In Alaska, as elsewhere, we have a land of contrasts, it is true. In December there are but two and a half hours of daylight. At noon the sun throws long horizontal rays and on cloudy days the colors of the sunrise merge into those of the sunset! And there is ever the long twilight-no matter what time of the year it may be. On the shortest day there are slight traces of daylight from about nine until three o'clock.

He who has never seen the winter night in Alaska has missed one of the most beautiful sights in the whole world. In many other corners of this earth I have watched the coming of the night but nowhere else has it ever moved me so deeply. Here, as nowhere else, "the heavens declare the glory of God and the firmament showeth His handiwork!" How many times have I sat in my door-way and watched the ending of the day. If there have been a few flying clouds during the afternoon they seldom fail to clear at evening. One by one the stars come out. From some remote darkness long meteors slip silently and shoot across the heavens, leaving phosphorescent trails, their scattered star dust, behind them. The features of the distant mountains, so lovable by day, become grim, hard, forbidding, when at nightfall they gather their gray hoods about their heads and go to sleep, standing! Ah, the wild, weird beauty of an unpeopled land!

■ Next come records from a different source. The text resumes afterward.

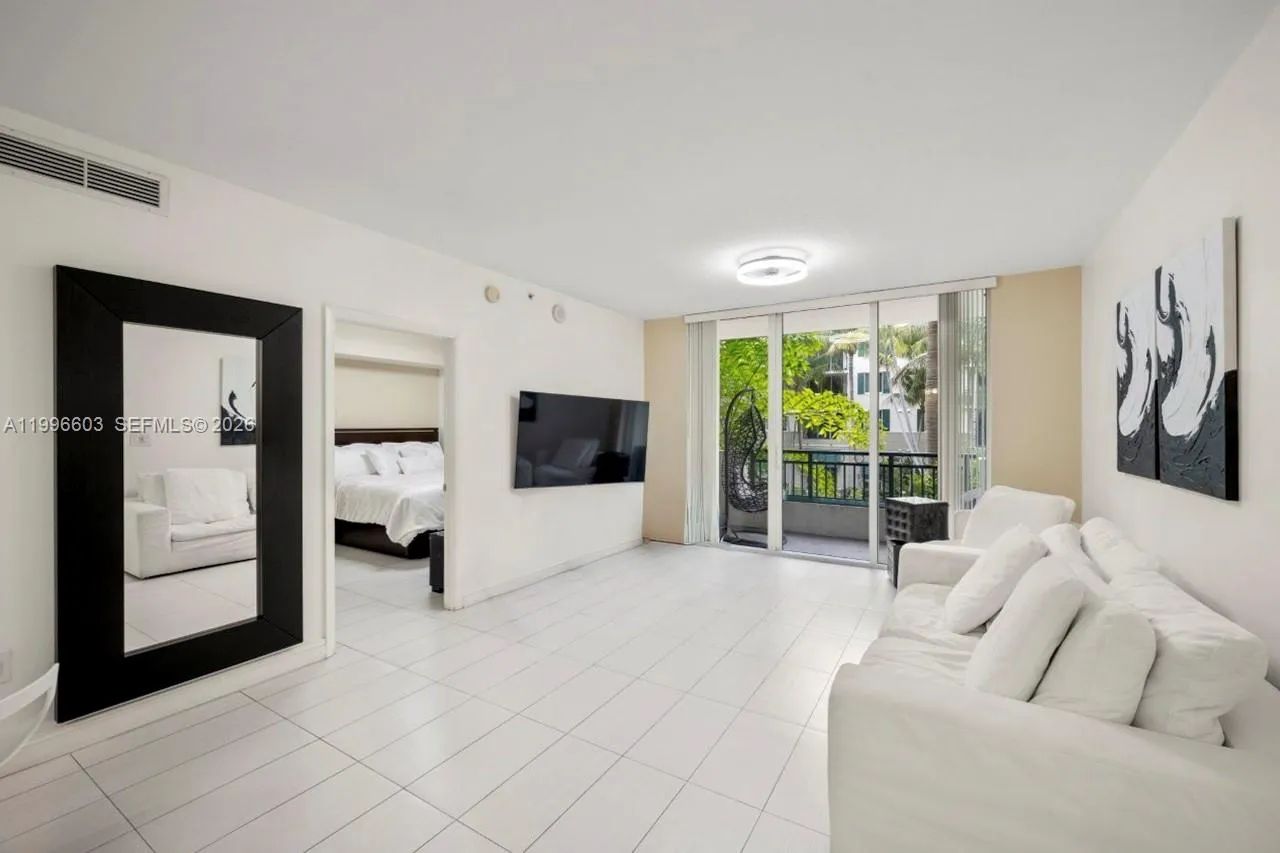 510 NW 84th Ave # 220, Plantation FL 33324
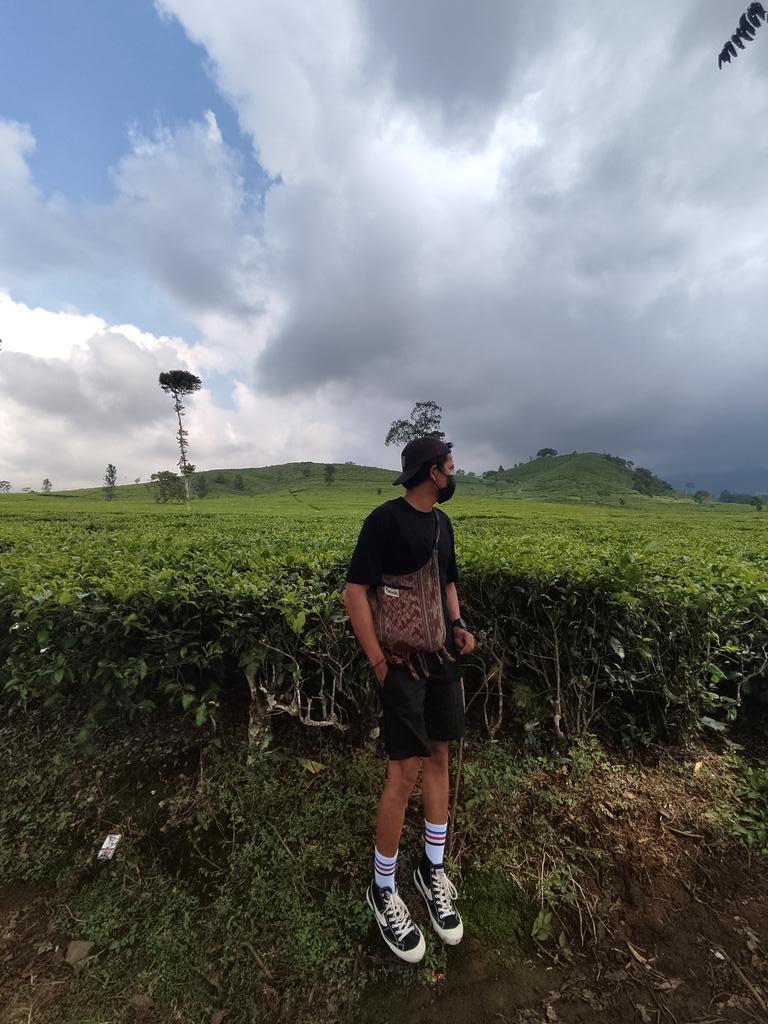 abusbahri's tweet photo. Habis healing , terbitlah pusing :'( https://t.co/9tdpDXzMSv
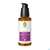 Primavera Aromapflege Koerper Entspannungsoel Bio 50ml, A-Nr.: 4588415 - 01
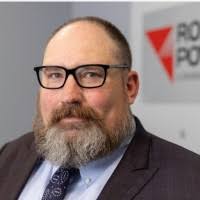 Timothy Solomon Email & Phone Number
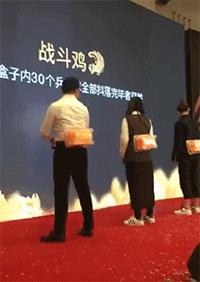 如何看supreme真假辨别,如何辨别supreme真假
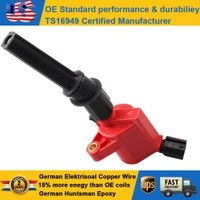 CannTrust Holdings Inc: US Stock Ticker - A Comprehensive Guide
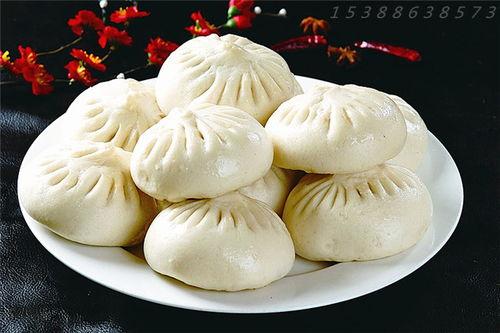 生瓜可以包包子吃吗视频,创意包子制作新尝试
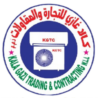 Kala Gazi Trading & Contracting W.L.L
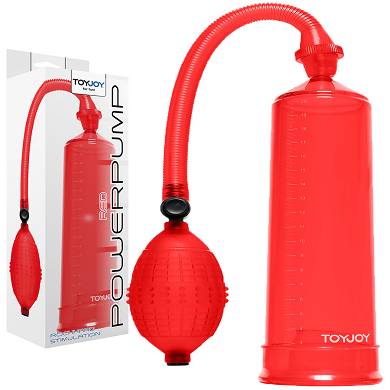 powerpump-rock-hard-red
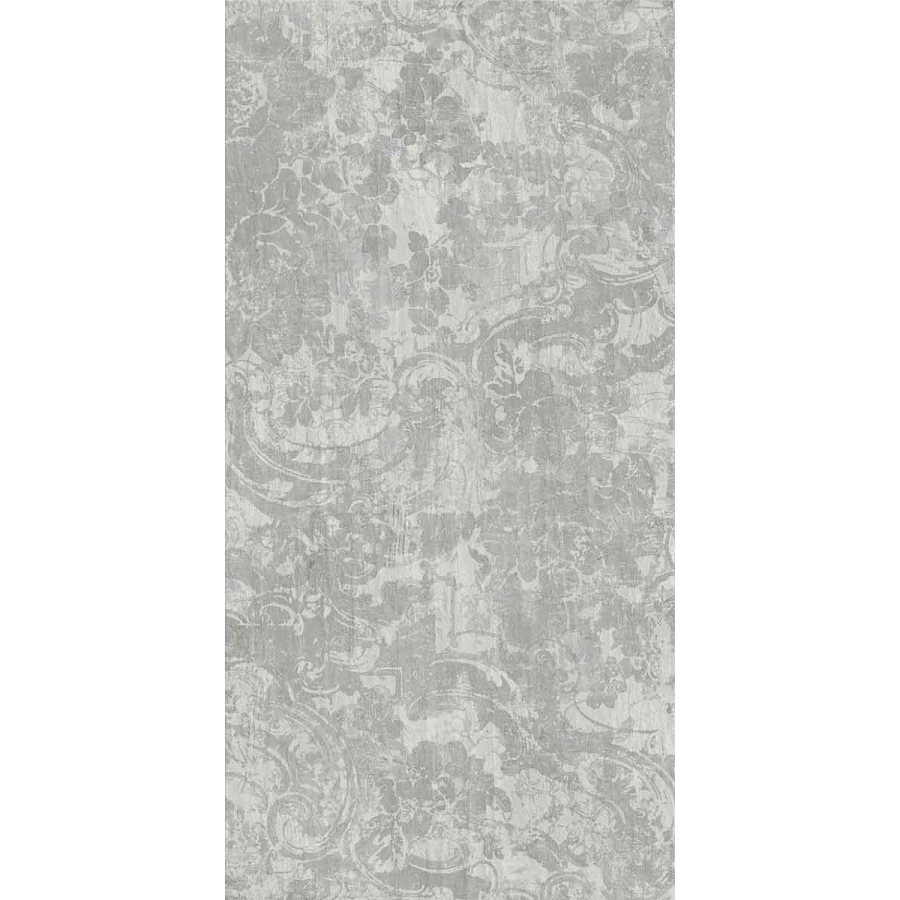 Керамогранит Naxos Foyer brocart nat ret 136947 120х60 см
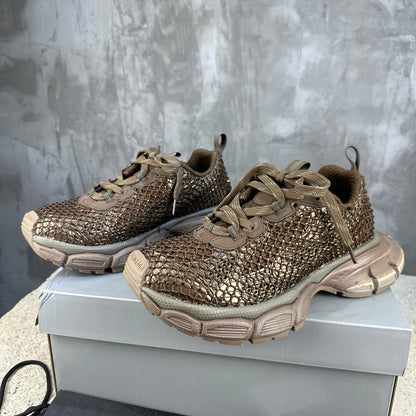 2025 Limited Edition Style Shoe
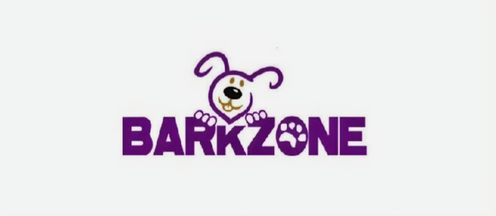 Barkzone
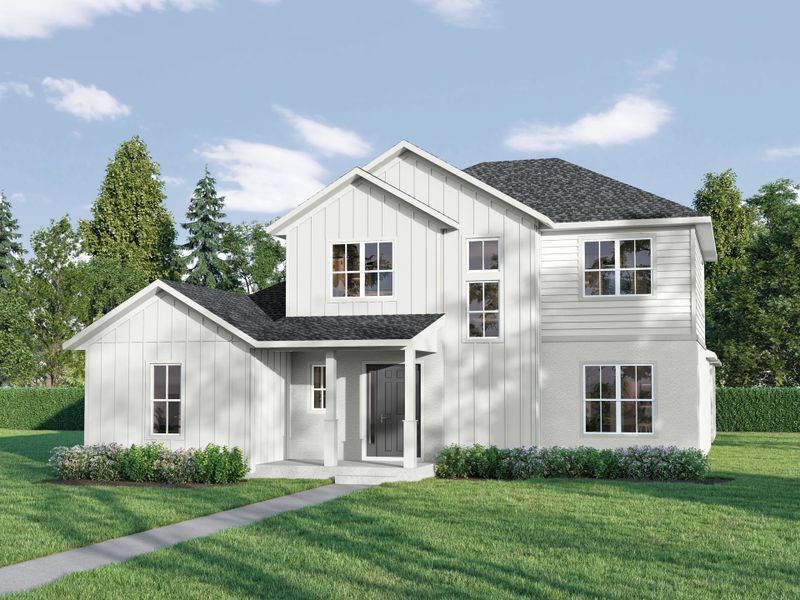 SeaFlower by Cardel Homes,34210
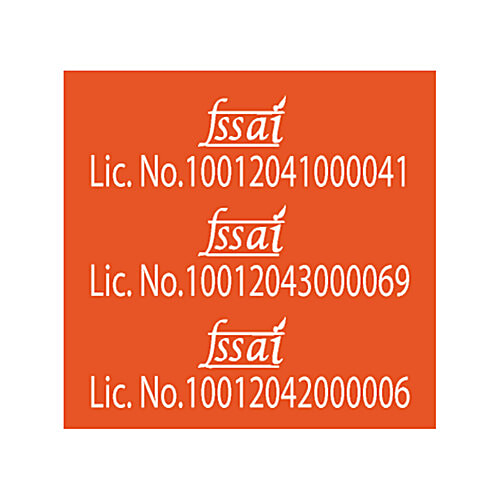 Mirinda Soft Drink - Orange, 12x250 ml Multipack 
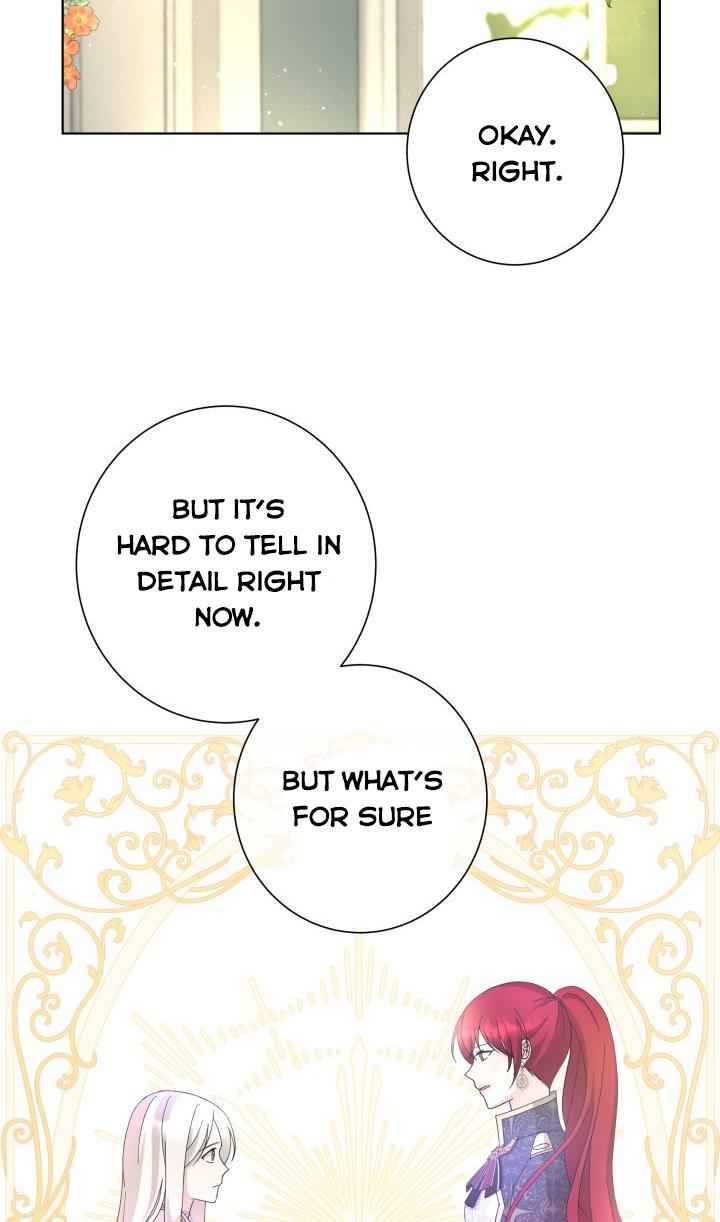 Page 8 of Chapter 3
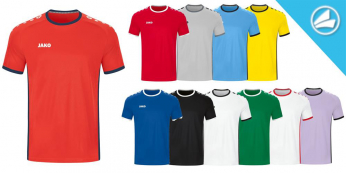 Jersey PRIMERA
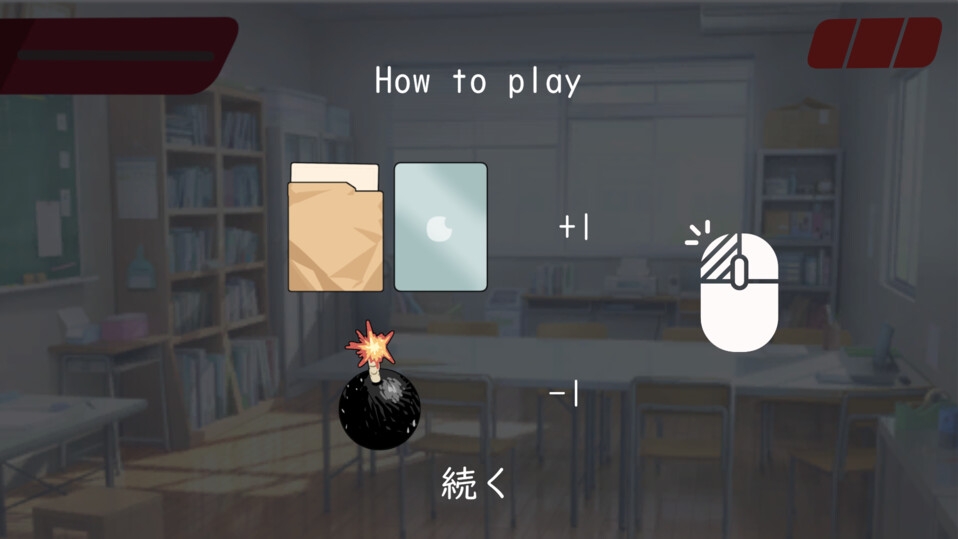 オナホールアーカイブ 画像3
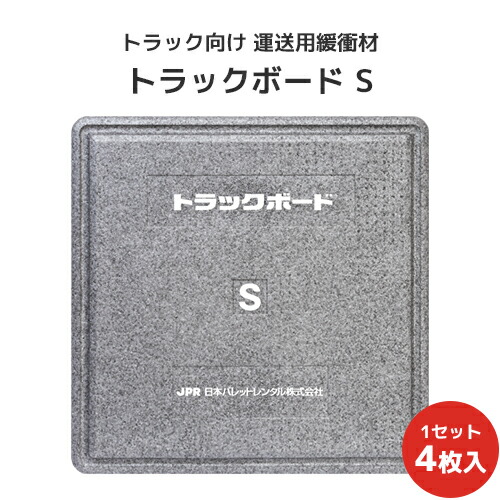 ym024-tb-s_01.jpg ym024-tb-s_01.jpg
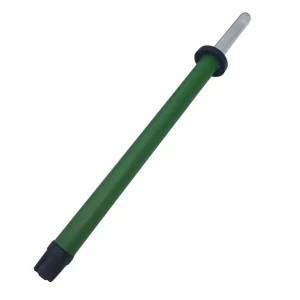 Reservoir Level Indicator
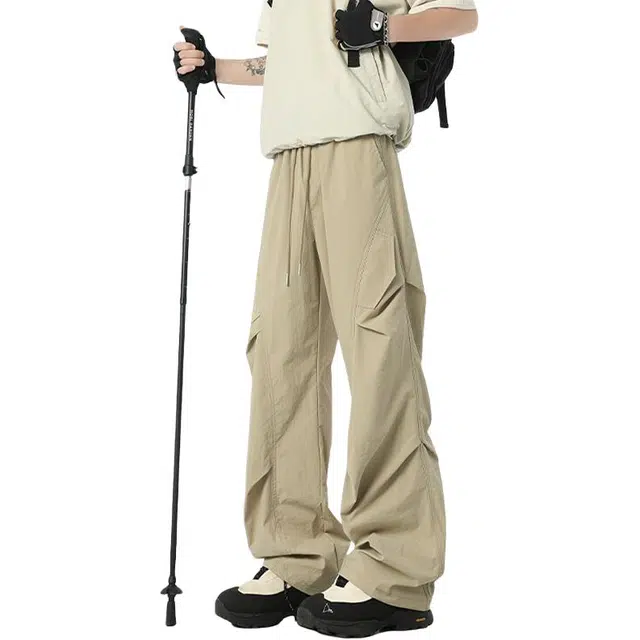 NOAHGIGI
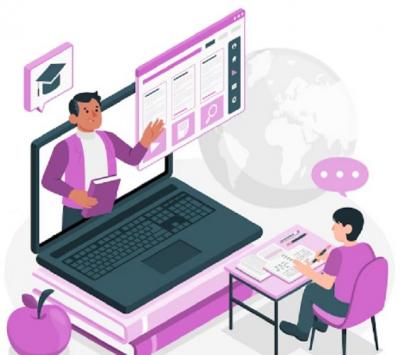 School Management Software India - Delhi Other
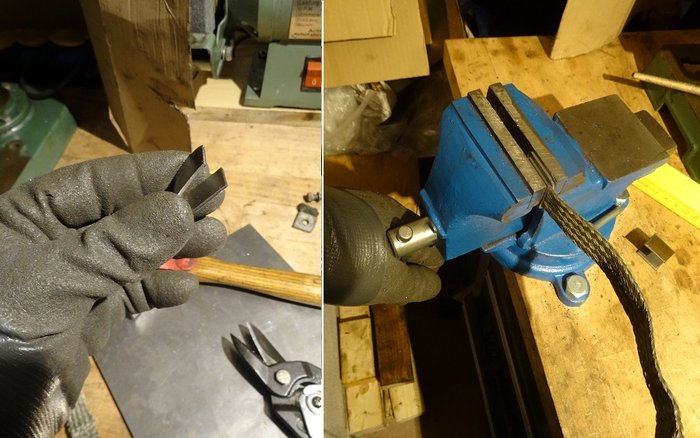 Tresse de masse 02.jpg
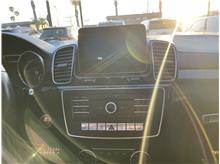 Vehicle Thumb #47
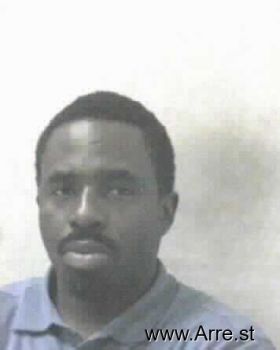 Pasha Nyeusi-malik-pasha-bey Ellis Mugshot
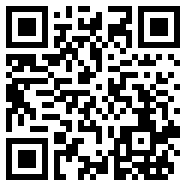 read修复工具下载离线版安卓电视版安卓破解4G版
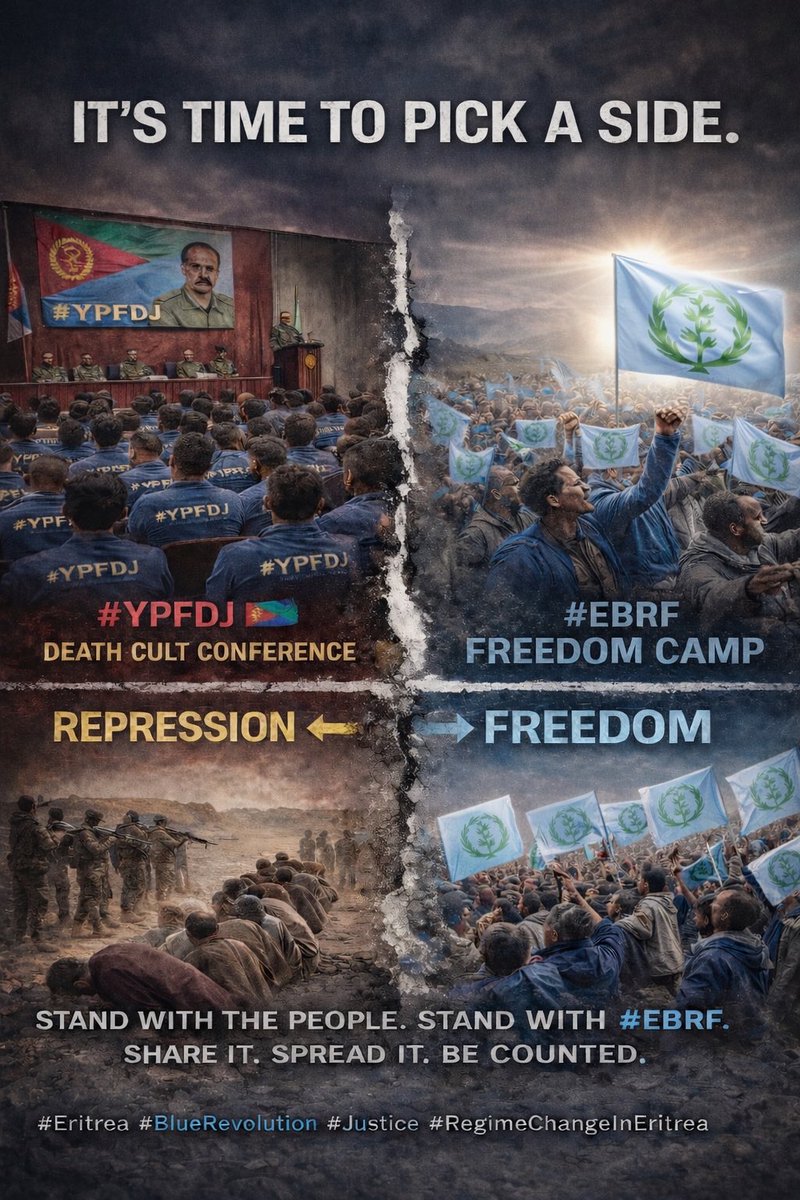 Afiye💙🦅🇬🇧💪 tweet media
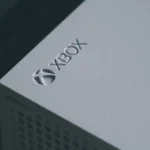 Xbox: Κατρακύλα εσόδων $1,7 δισ. και -29% στο hardware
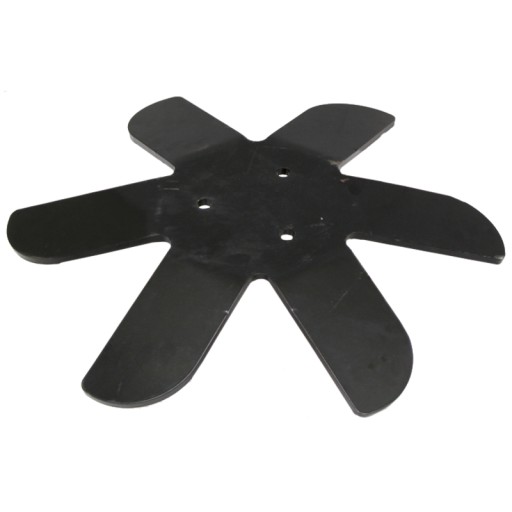 5 603 - 460mm 00310892 граніт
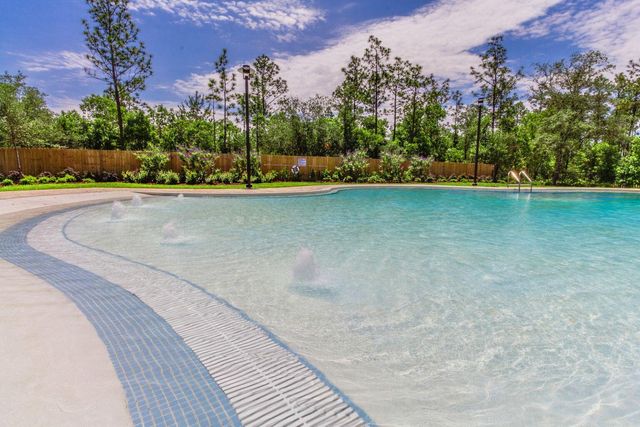 365 Merlin Court, Crestview, FL 32539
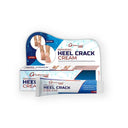 Glamorous Face Heel Cream With Active Repair photo 2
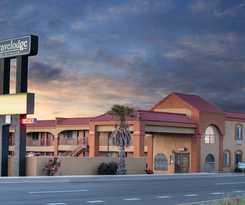 Hotel Travelodge by Wyndham Kingman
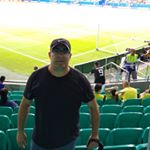 Profile Picture of Patricio Suarez (@patricio.suarez.5209) on Instagram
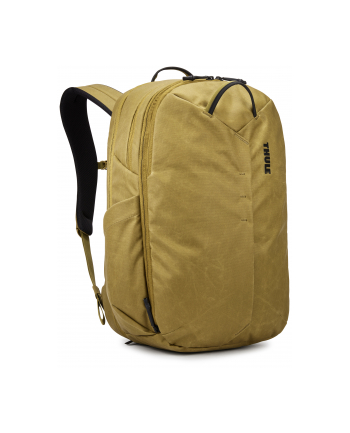 Thule Aion 28L, backpack (brown, nutria brown, 39.6 cm (15.6)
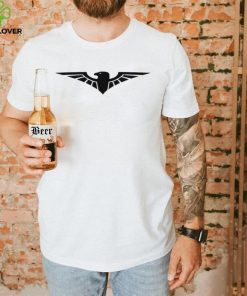 falcon logo hoodie, sweater, longsleeve, shirt v-neck, t-shirt hoodie, sweater, longsleeve, shirt v-neck, t-shirt trang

The old Italian adage "See Naples and die!" never fails to spring to my mind whenever I look out upon the dark, crisp, bespangled night sky in Alaska. Over all its other brilliancy the vivid tones of the Aurora, flashes of green and red, shoot riotously. The Northern Lights! Only in Alaska does one see them in all their gorgeous glory! If sentiment be a part of man's make-up (and where is he who can deny it?), the lover of the Land of Tomorrow will not even attempt to stifle in his heart a wish that is almost a prayer. It is that when the hour shall come for him to venture forth into that undiscovered country whence no traveler returns, the Northern Lights may light him on his way!